Example from the Field
In the context of AI-entangled pedagogy, an instructor’s sense of unease or excitement when introducing LLMs into the classroom is not simply a private emotion but an affective event. This event emerges from the entanglement of institutional anxieties, media narratives, student expectations, and the material presence of AI technologies. The “atmosphere” of a faculty meeting on AI, the “stickiness” of terms like “plagiarism” or “authenticity,” and the bodily sensations of anticipation or dread are all sites where affective forces are at work, shaping what becomes possible in teaching and learning.
Critiques and Productive Tensions
The affective turn has been critiqued for its political ambiguity and potential to depoliticize analysis by focusing on amorphous flows of intensity at the expense of structural power and social justice (Leys, 2011). Some scholars argue that the emphasis on pre-personal, nonhuman, and transindividual affect can obscure the role of social difference, intersectionality, and human agency (Weiss, 2008; Hayles, 1999). The conceptual vagueness of “affect” and the methodological challenges of studying pre-cognitive forces have also been noted as limitations, prompting ongoing debates about the scope, rigor, and political stakes of affect theory.

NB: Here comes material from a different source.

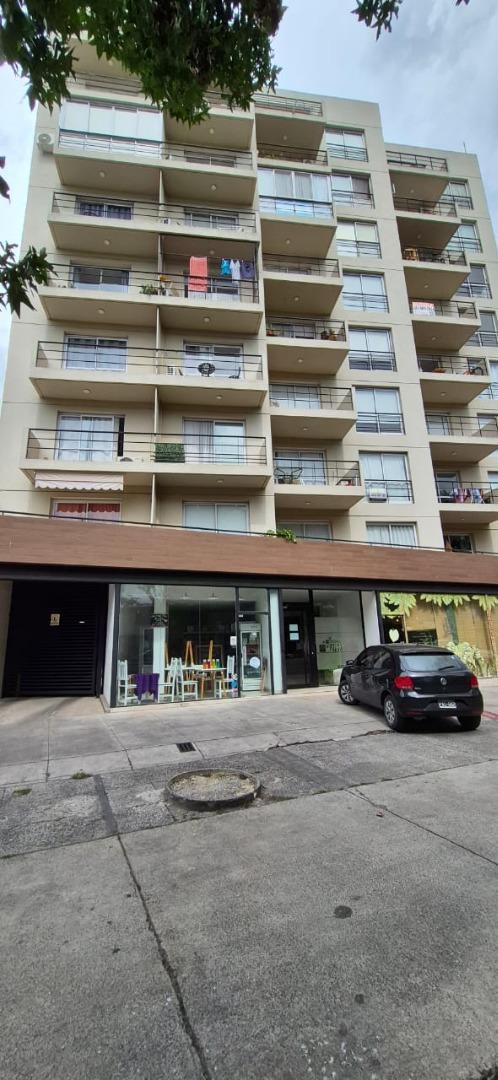 ALQUILER EN EDIFICIO DEL POETA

Scholars such as Hemmings (2005) and Ahmed (2014) have cautioned against a tendency to treat affect as a universal, pre-social, or politically innocent force. Such an approach risks erasing the ways in which affect is always already shaped by histories of power, discourse, and social difference. The critique highlights the danger of a depoliticized analysis if affect is abstracted from the specific material and historical conditions of its emergence. These critiques do not invalidate the turn but rather introduce a productive tension, underscoring the importance of situating any affective inquiry within specific assemblages and remaining attentive to the complex entanglement of affect with discourse, materiality, and power.